● Assigned task
Quote the data below in full, minus the images.

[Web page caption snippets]
_ _ _ _ _

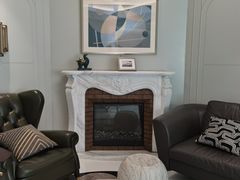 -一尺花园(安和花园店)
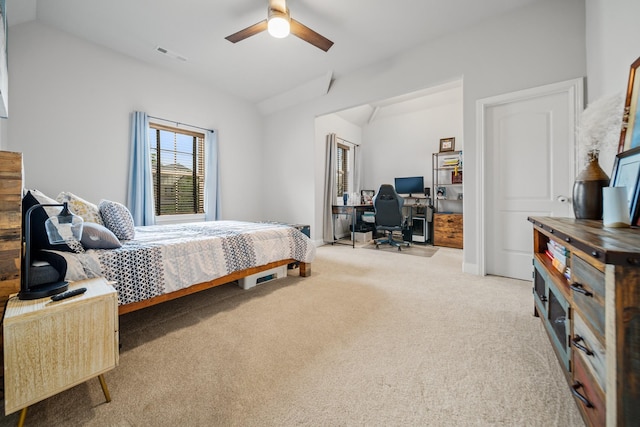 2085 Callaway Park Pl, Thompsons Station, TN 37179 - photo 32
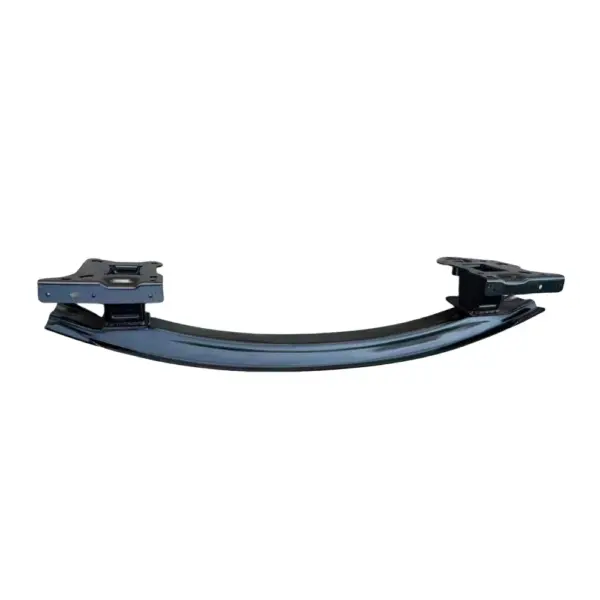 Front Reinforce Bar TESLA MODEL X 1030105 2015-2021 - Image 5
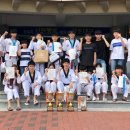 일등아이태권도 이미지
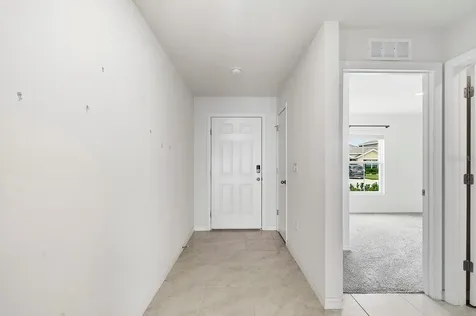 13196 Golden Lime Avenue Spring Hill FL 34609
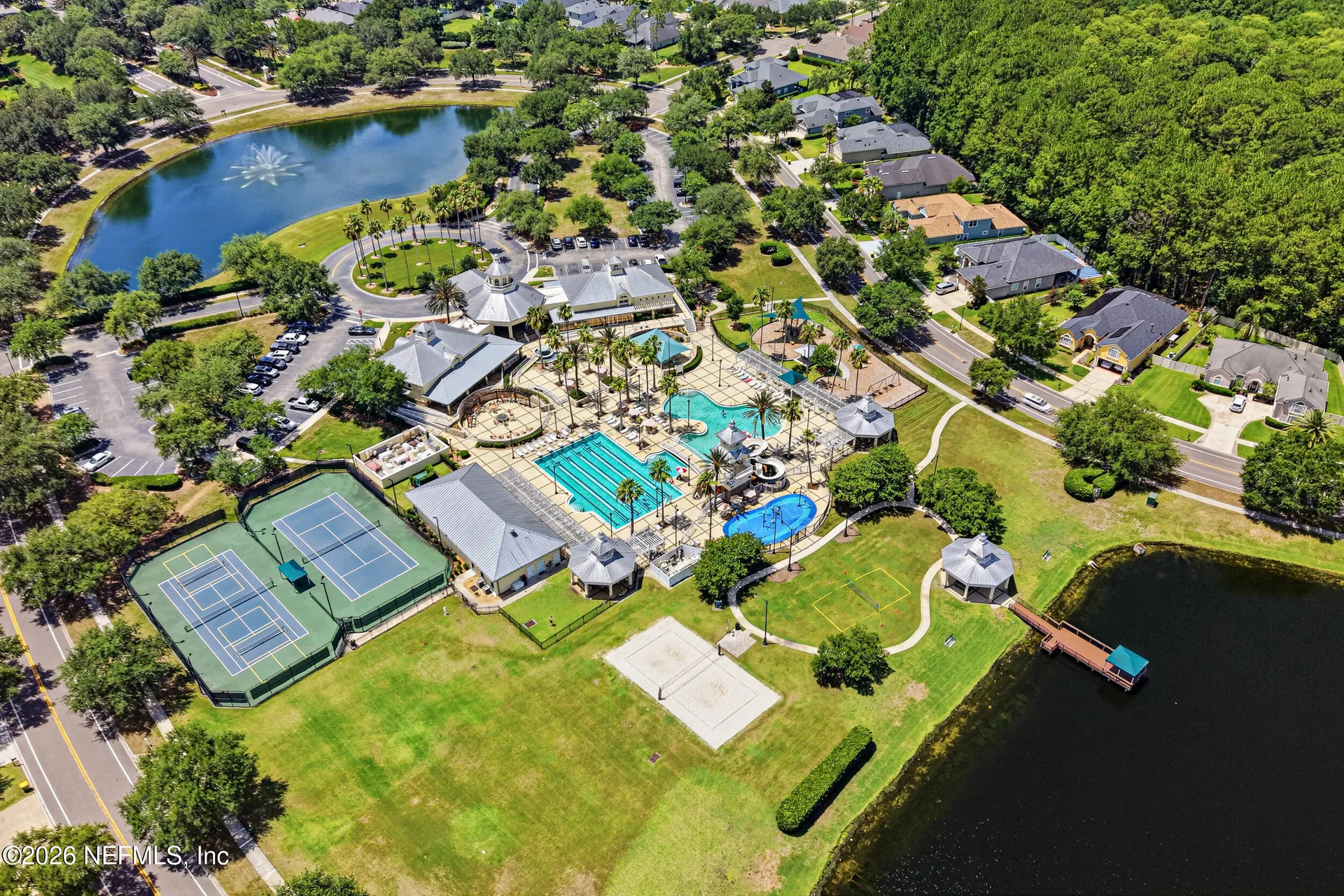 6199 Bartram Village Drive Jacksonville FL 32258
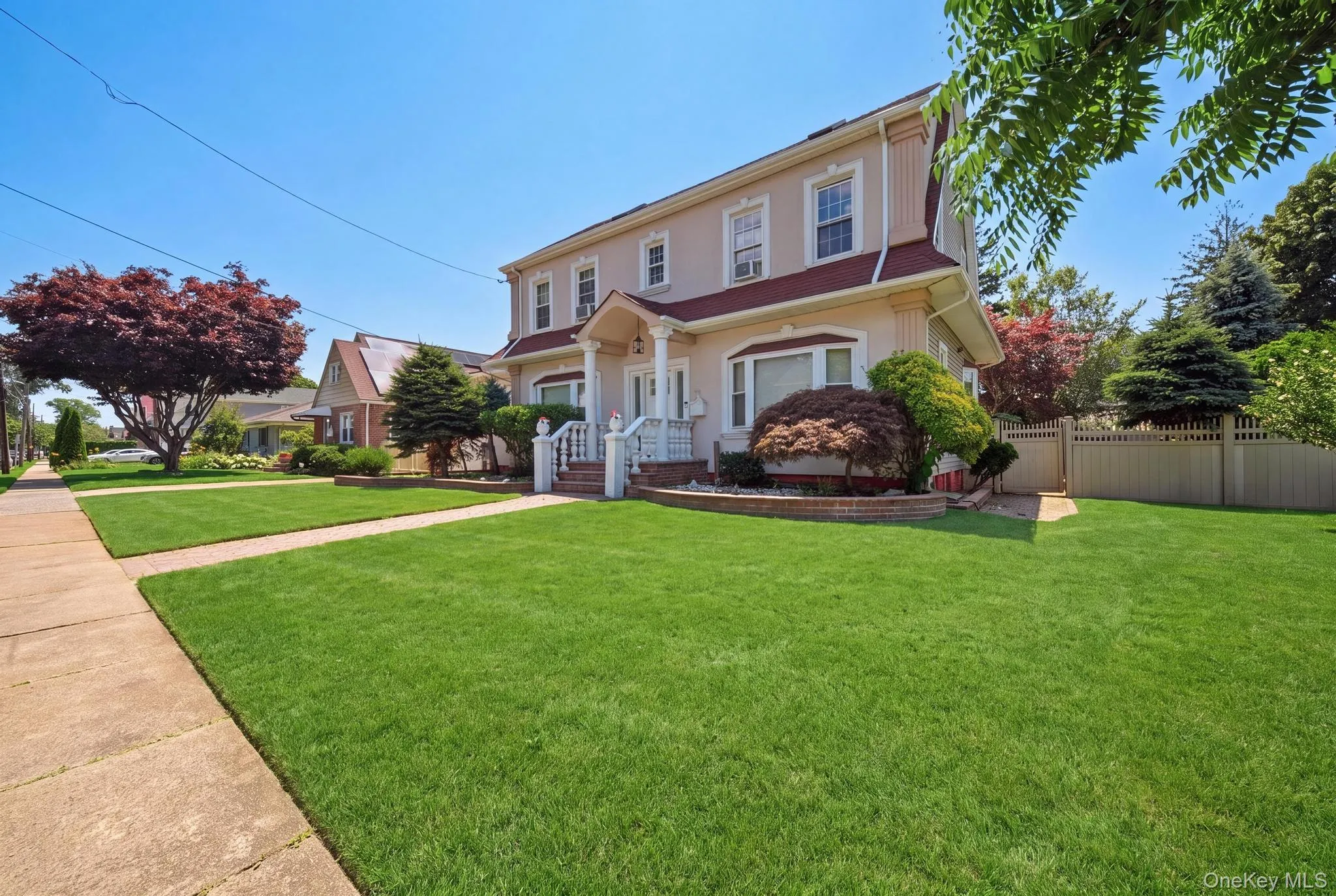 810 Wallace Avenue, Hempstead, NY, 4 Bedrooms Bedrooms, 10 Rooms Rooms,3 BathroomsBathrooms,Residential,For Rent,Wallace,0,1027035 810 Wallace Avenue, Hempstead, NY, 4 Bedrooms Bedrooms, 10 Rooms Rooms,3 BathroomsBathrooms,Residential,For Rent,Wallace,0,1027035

_ _ _ _ _

● Answer to the exercise
 -一尺花园(安和花园店)
 2085 Callaway Park Pl, Thompsons Station, TN 37179 - photo 32
 Front Reinforce Bar TESLA MODEL X 1030105 2015-2021 - Image 5
 일등아이태권도 이미지
 13196 Golden Lime Avenue Spring Hill FL 34609
 6199 Bartram Village Drive Jacksonville FL 32258
 810 Wallace Avenue, Hempstead, NY, 4 Bedrooms Bedrooms, 10 Rooms Rooms,3 BathroomsBathrooms,Residential,For Rent,Wallace,0,1027035 810 Wallace Avenue, Hempstead, NY, 4 Bedrooms Bedrooms, 10 Rooms Rooms,3 BathroomsBathrooms,Residential,For Rent,Wallace,0,1027035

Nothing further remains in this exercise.